Automated solution-phase synthesizer

In 2004, we developed a preactivation-based one-pot glycosylation strategy21, enabling multiple sequential glycosylations in a single reaction vessel. This protocol is independent of glycosyl donor reactivity, and different from programmable and hierarchical one-pot synthesis22,23. Because this approach does not require complex protecting-group manipulations and isolation of intermediates, it holds the potential for automated solution-phase synthesis (Fig. 2a). In this way, a range of glycans have been synthesized manually24, including the arabinogalactan 92-mer25. In terms of green and sustainable chemistry26, the preactivation-based one-pot glycosylation strategy can also be applied to light-driven glycosylation reactions27, where either ultraviolet or visible light can be used for the activation of glycosyl donors.
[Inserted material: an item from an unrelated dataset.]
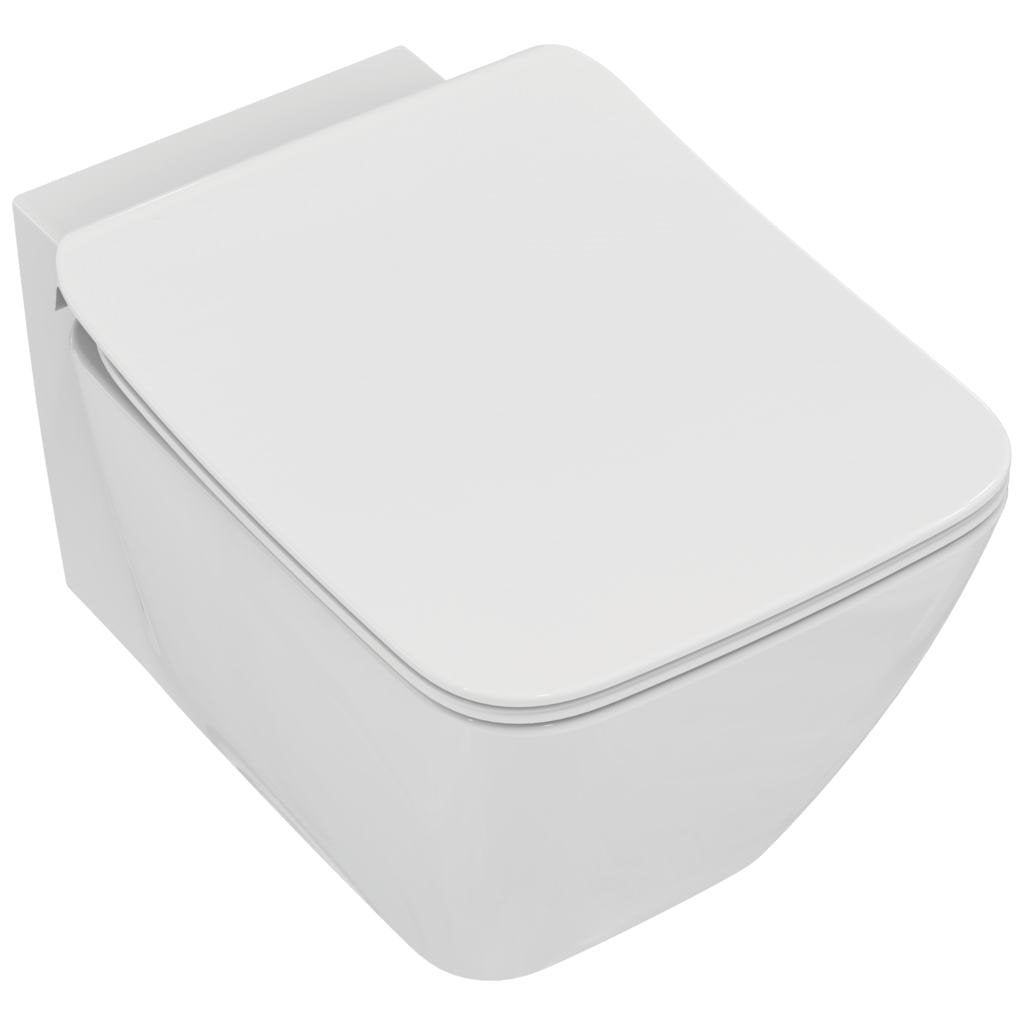 Vas WC suspendat Ideal Standard Strada II AquaBlade, fixare ascunsa, alb - T299701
The two activation modes of this preactivation protocol means that several technical challenges need to be addressed to make the synthesizer: first, different stored homogeneous solutions must be delivered independently and in accurately measured amounts to the reactor in a closed system to avoid cross-contamination using minimal equipment; second, automatic sampling and injecting to achieve online monitoring; and third, all the operations have to be programmed and controlled.

Fig. 2: The solution-phase synthesizer.
figure 2

a, The principle of preactivation-based, one-pot glycan synthesis in general or light-induced modes. b, The hardware and flow diagram of the automatic synthesis system. c, The synthesizer consists of three parts: an automatic synthesis system, an online monitoring system and a PLC. d, The automated synthesizer. The housing dimensions are 0.8 m height, 1.2 m width, 0.9 m depth. Tol, p-methylphenyl.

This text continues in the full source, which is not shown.